▶

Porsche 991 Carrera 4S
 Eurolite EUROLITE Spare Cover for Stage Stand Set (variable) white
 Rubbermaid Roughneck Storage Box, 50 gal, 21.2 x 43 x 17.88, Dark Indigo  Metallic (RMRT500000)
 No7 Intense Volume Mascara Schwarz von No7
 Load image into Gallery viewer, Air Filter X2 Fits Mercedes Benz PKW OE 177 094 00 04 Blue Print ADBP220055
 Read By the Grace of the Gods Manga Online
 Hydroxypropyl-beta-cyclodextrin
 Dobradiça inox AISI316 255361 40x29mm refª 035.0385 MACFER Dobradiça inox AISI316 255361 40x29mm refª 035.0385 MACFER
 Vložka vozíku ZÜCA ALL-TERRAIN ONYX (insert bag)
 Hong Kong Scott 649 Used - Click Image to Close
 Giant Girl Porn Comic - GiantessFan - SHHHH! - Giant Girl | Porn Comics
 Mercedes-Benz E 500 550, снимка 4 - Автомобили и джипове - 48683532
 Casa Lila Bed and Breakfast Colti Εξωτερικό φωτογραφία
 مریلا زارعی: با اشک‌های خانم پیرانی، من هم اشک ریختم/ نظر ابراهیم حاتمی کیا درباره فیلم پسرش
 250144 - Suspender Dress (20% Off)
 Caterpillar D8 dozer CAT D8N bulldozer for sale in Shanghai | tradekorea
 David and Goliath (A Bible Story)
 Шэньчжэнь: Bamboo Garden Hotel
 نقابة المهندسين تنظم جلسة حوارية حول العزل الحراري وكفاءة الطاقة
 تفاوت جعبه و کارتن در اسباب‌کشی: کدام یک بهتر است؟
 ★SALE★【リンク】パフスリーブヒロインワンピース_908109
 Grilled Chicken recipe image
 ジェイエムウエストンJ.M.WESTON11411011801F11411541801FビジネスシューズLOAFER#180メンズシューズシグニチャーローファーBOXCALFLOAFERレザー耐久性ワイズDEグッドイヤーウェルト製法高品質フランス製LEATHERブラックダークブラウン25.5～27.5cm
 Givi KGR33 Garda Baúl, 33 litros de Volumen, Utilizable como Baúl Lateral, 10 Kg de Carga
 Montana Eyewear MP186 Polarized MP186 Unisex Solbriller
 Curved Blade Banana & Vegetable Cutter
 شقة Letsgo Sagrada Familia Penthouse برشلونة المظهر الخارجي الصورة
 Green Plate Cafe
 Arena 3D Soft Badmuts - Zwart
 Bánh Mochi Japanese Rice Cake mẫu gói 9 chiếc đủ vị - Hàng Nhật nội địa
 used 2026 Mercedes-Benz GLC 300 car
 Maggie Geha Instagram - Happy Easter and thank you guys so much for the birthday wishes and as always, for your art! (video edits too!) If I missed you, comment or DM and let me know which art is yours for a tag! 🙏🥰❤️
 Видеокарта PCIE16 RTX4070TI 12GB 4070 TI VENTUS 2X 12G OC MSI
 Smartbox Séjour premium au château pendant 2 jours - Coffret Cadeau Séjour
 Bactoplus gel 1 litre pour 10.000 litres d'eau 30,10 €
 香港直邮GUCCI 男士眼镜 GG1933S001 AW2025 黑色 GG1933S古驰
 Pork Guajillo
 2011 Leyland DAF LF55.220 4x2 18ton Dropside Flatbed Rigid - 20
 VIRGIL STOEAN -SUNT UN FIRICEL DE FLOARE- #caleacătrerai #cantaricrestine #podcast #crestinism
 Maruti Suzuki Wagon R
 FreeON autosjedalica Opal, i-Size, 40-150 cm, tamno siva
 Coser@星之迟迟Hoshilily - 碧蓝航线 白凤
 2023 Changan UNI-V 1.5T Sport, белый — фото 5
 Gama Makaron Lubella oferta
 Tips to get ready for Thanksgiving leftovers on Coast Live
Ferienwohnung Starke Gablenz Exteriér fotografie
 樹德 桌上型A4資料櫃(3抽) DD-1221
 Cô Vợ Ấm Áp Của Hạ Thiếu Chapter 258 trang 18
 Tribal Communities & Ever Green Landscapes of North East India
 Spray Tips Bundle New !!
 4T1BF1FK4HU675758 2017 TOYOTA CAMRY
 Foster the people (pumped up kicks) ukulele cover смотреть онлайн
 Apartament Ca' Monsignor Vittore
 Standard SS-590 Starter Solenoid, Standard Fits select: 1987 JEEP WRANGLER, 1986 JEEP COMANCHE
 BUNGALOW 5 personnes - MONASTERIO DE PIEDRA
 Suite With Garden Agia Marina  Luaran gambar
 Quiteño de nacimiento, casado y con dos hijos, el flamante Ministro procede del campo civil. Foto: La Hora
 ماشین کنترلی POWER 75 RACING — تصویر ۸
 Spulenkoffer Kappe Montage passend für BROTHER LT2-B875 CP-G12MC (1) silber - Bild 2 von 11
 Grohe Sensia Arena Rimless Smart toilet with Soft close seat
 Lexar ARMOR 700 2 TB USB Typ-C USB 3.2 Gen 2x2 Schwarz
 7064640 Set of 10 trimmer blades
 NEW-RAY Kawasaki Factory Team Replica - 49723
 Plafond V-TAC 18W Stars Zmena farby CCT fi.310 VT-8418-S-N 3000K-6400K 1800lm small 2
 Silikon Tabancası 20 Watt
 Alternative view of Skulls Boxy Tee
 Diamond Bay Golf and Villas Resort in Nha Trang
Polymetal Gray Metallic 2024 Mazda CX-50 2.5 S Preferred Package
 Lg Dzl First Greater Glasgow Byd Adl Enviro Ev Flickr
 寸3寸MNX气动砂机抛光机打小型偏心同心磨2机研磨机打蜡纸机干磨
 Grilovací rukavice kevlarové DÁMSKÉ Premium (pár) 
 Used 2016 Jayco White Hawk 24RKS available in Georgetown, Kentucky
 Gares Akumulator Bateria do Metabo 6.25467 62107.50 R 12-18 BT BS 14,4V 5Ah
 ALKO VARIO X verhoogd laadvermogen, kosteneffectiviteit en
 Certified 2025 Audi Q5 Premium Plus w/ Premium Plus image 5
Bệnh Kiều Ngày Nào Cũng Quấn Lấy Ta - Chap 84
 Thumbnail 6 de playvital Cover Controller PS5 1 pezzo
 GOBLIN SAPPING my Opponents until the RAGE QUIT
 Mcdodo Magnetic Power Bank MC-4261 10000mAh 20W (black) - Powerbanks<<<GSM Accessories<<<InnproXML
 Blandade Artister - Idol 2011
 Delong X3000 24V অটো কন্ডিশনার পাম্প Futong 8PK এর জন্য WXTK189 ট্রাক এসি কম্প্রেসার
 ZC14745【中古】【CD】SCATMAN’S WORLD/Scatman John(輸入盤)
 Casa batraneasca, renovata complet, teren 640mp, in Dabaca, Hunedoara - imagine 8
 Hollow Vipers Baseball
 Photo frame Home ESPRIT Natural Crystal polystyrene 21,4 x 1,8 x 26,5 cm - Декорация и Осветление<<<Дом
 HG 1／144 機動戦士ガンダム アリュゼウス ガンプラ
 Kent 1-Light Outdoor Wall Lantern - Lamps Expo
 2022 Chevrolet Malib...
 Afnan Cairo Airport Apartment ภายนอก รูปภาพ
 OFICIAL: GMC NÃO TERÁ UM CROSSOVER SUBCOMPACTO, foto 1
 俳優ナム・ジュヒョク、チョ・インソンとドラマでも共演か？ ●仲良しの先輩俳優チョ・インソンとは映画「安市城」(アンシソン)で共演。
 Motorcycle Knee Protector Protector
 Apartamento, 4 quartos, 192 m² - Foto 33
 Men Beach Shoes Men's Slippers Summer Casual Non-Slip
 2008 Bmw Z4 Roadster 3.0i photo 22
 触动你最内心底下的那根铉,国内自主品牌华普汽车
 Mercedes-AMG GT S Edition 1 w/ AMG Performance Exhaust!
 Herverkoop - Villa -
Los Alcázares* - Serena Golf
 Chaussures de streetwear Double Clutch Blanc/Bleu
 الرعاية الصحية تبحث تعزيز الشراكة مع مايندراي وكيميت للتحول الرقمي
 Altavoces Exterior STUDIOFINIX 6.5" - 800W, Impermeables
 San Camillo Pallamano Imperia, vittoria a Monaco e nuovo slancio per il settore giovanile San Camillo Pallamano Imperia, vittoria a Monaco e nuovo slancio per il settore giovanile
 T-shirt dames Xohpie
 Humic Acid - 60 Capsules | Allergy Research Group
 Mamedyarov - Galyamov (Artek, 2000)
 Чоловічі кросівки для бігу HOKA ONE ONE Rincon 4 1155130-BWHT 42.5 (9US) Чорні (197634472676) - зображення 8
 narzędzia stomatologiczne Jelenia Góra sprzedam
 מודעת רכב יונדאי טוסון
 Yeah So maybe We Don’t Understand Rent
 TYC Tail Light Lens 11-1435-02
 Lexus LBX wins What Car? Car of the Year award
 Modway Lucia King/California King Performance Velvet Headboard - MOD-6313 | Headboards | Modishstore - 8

◀

• _To do_
Starting with the line that holds "Coser@星之迟迟Hoshilily - 碧蓝航线 白凤" and ending with the line that holds "NEW-RAY Kawasaki Factory", retype every line in the data above exactly, and nothing else.

• _Answer to this exercise_
 Coser@星之迟迟Hoshilily - 碧蓝航线 白凤
 2023 Changan UNI-V 1.5T Sport, белый — фото 5
 Gama Makaron Lubella oferta
 Tips to get ready for Thanksgiving leftovers on Coast Live
Ferienwohnung Starke Gablenz Exteriér fotografie
 樹德 桌上型A4資料櫃(3抽) DD-1221
 Cô Vợ Ấm Áp Của Hạ Thiếu Chapter 258 trang 18
 Tribal Communities & Ever Green Landscapes of North East India
 Spray Tips Bundle New !!
 4T1BF1FK4HU675758 2017 TOYOTA CAMRY
 Foster the people (pumped up kicks) ukulele cover смотреть онлайн
 Apartament Ca' Monsignor Vittore
 Standard SS-590 Starter Solenoid, Standard Fits select: 1987 JEEP WRANGLER, 1986 JEEP COMANCHE
 BUNGALOW 5 personnes - MONASTERIO DE PIEDRA
 Suite With Garden Agia Marina  Luaran gambar
 Quiteño de nacimiento, casado y con dos hijos, el flamante Ministro procede del campo civil. Foto: La Hora
 ماشین کنترلی POWER 75 RACING — تصویر ۸
 Spulenkoffer Kappe Montage passend für BROTHER LT2-B875 CP-G12MC (1) silber - Bild 2 von 11
 Grohe Sensia Arena Rimless Smart toilet with Soft close seat
 Lexar ARMOR 700 2 TB USB Typ-C USB 3.2 Gen 2x2 Schwarz
 7064640 Set of 10 trimmer blades
 NEW-RAY Kawasaki Factory Team Replica - 49723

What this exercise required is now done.